Steve asks Kevin the best ways to present a problem in the workplace and how to stand out to senior management. Kevin mentions the two components of the job: the business side and the technical side. He stresses the importance of speaking to your audience in a manner they can understand, saying, “You need to present a problem or resolution to them in business terms that they can clearly understand, whether that’s money or a percentage; you need some sort of KPI that they can relate to. If you can’t speak in simple terms like that, you’re never going to get your message across, get funding, or get support because nobody knows what you’re talking about.” 

Relationship building is essential to success

It’s also essential to ensure you have advocates to support you, which comes from building relationships, Kevin says. He advises, “Gather relationships throughout the years. It’s important when you’re new to the business that you find somebody that is generally interested in what you do. Then, you nurture that relationship so that they will act as somebody up the food chain to give you support.” 

Kevin discusses how new employees can build these relationships. “You have to search out these people,” he says. “You look for people who have good relationships at a higher level. You have to take the initiative and you have to put the value proposition in front of them of why it would be good to have a good relationship with them. You have to put in the effort or you’re not going to be successful.”

Why Kevin chose to work in information security

Balancing three full-time jobs, Kevin eventually had to choose what he wanted to pursue. Ultimately, he decided on information security because he found it exciting and was well-equipped for its problem-solving component. “When I was asked to make the decision, I found information security to be far more of an interesting proposition,” Kevin remembers. “I had no idea at the time about the volatility of the profession and how quickly things change. Although I couldn’t foresee the magnitude of it, I could foresee the challenge, and that’s something I wanted to do. Information security oftentimes presents problems that you had not experienced before and don’t know how to solve. There’s not a manual for it.”

Simplify problems when communicating to senior management

The most challenging thing for Kevin is to simplify the problem before trying to solve it, though that is what he strives to do most. Kevin laments that it’s “difficult to prove a negative,” but the more he condenses what he’s communicating to senior management, the more he can get the support he needs. Kevin says, “I can’t go to the CFO and say, ‘That $5 million you gave me really worked out well because you don’t see any bad things happening.’ If you can, simplify that paradigm and say, ‘We have done all of these audits, we’ve done all these assessments, we’ve communicated, and we’ve managed to successfully avoid anything catastrophic.’” 

Know when to let things fail 

You cannot oversee your own work as a CISO, so it’s critical to pass that duty to someone on your security team.

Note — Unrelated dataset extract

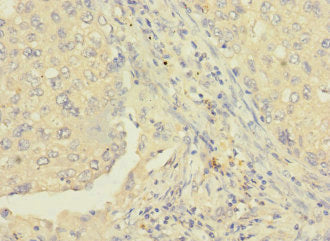 RAB8B Polyclonal Antibody - image 2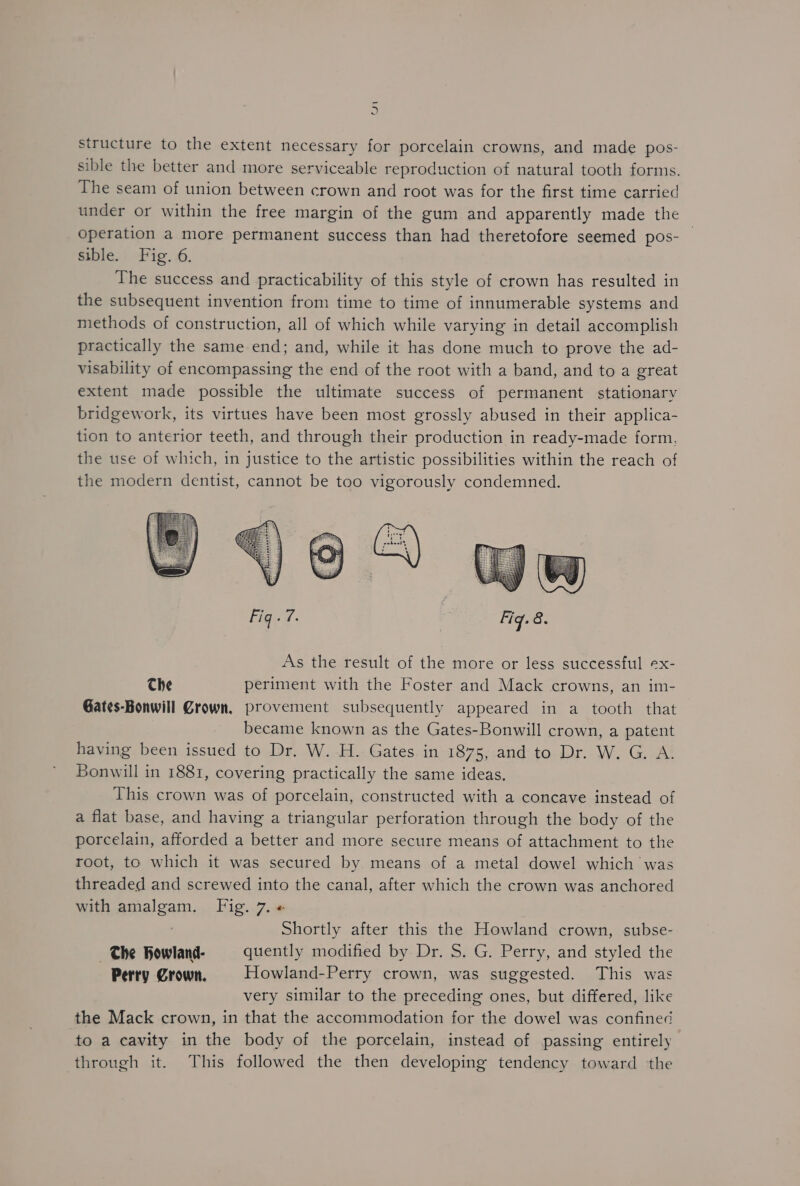 structure to the extent necessary for porcelain crowns, and made pos- sible the better and more serviceable reproduction of natural tooth forms. The seam of union between crown and root was for the first time carried under or within the free margin of the gum and apparently made the operation a more permanent success than had theretofore seemed pos- sible:' ig. .6. The success and practicability of this style of crown has resulted in the subsequent invention from time to time of innumerable systems and methods of construction, all of which while varying in detail accomplish practically the same end; and, while it has done much to prove the ad- visability of encompassing the end of the root with a band, and to a great extent made possible the ultimate success of permanent stationary bridgework, its virtues have been most grossly abused in their applica- tion to anterior teeth, and through their production in ready-made form. the use of which, in justice to the artistic possibilities within the reach of the modern dentist, cannot be too vigorously condemned. Fig ae: As the result of the more or less successful ex- Che periment with the Foster and Mack crowns, an im- Gates-Bonwill Grown, provement subsequently appeared in a tooth that became known as the Gates-Bonwill crown, a patent having been issued to Dr. W. H. Gates in 1875, and to Dr. W. G. A. Bonwill in 1881, covering practically the same ideas. This crown was of porcelain, constructed with a concave instead of a flat base, and having a triangular perforation through the body of the porcelain, afforded a better and more secure means of attachment to the root, to which it was secured by means of a metal dowel which was threaded and screwed into the canal, after which the crown was anchored with amalgam. Fig. 7. « | Shortly after this the Howland crown, subse- Che Howland- quently modified by Dr. S. G. Perry, and styled the | Perry Crown. Howland-Perry crown, was suggested. This was very similar to the preceding ones, but differed, like the Mack crown, in that the accommodation for the dowel was confined to a cavity in the body of the porcelain, instead of passing entirely through it. This followed the then developing tendency toward the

Since you cannot do it all, it’s sometimes better to let things fail to move forward. Kevin mentions, “We all have our job to do. You absolutely cannot do everything as we just said. You can’t be the one assessing whether you’re doing your job. So if you don’t pass that off to other teams, then I don’t see how you can be successful in information security, because you need to keep that discipline oversight function. You can set up policies, guidelines, standards, whatever you have, but if somebody else isn’t doing the groundwork and you are not assessing how well the controls are working, then you’re doomed to failure because there is no way to objectively look at that.” 

Understand the hiring company’s definition of the security leadership role

Steve asks Kevin what his red flags are for people applying for security leadership positions. Kevin provides his main criteria, which is paying attention to the hiring company’s definition of a CISO. “​​You really have to define your perimeter and you have to understand what you will and will not do,” he explains. “So what I’ll do with business continuity may be totally different than what I’ll do in patching, and what I do in patching may be totally different than what I’ll do in incident response. If you don’t understand your perimeter for all of those areas, then you’re going to end up owning things that you really shouldn’t be owning. You have to understand what the hiring company is defining as a CISO.”